A dividend is not an expense. So it does not reduce a company's profits. Nor does it affect EBIT. Because a dividend has no impact on profits, it does not appear on the income statement. Instead, it initially appears as a liability on the balance sheet, when the board of directors declares a dividend. Next, after the company pays the dividend, it still only has an impact on the balance sheet, as the amount in the retained earnings line item is reduced as well as the amount of cash (assuming that the dividend is paid in cash).

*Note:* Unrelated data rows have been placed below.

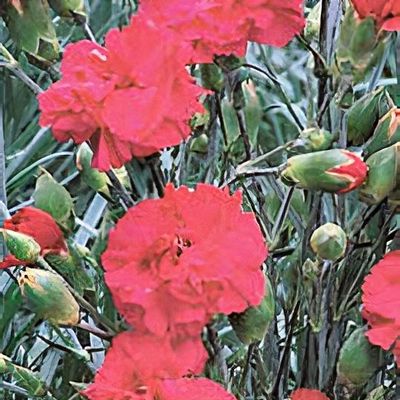 Dianthus 'Annette' - Shoot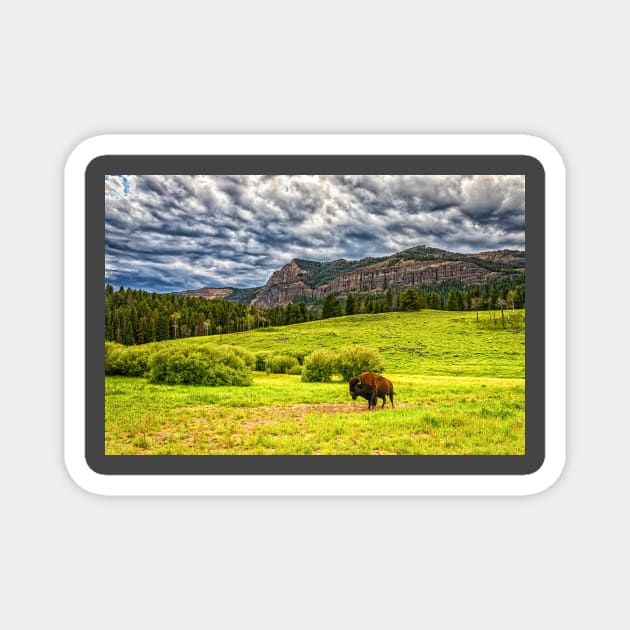 09551  Bison in Yellowstone Magnet by Gestalt Imagery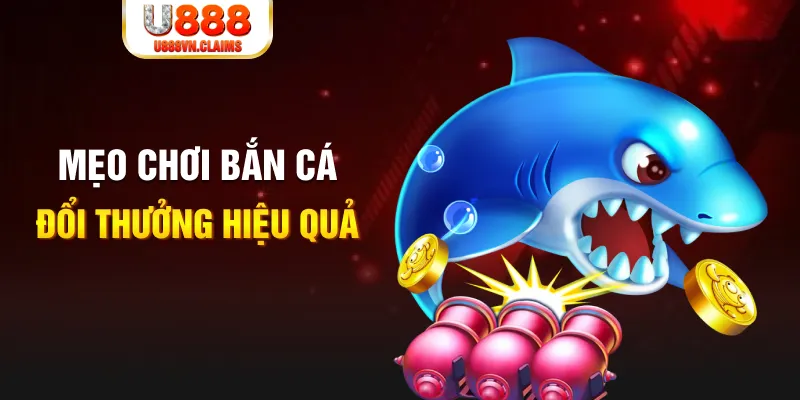 55 win baccarat có hợp pháp không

Note that dividends from investments in 3rd parties ARE having an effect on EBIT
One way in which a dividend might reduce profits in the long term is from the perspective of future profits - paying out large dividends might starve a company of the cash that it needs to invest in innovation / R&D / future growth. But this is only so if the profits from the future growth would exceed the company's cost of capital. In other cases, where a company simply has excess cash for which it has no attractive use, paying out that cash as dividends will not have any impact on profit and EBIT, and not even on its future profit potential.
One other way in which dividends may have a minor impact on profits is that the cash could otherwise have been invested to generate interest income. Where cash is paid out to investors in the form of a dividend, the opportunity to generate such interest income is lost.
All in all, the basic answer to your question is: it doesn't matter, none of the 2 actions influence profit / EBIT.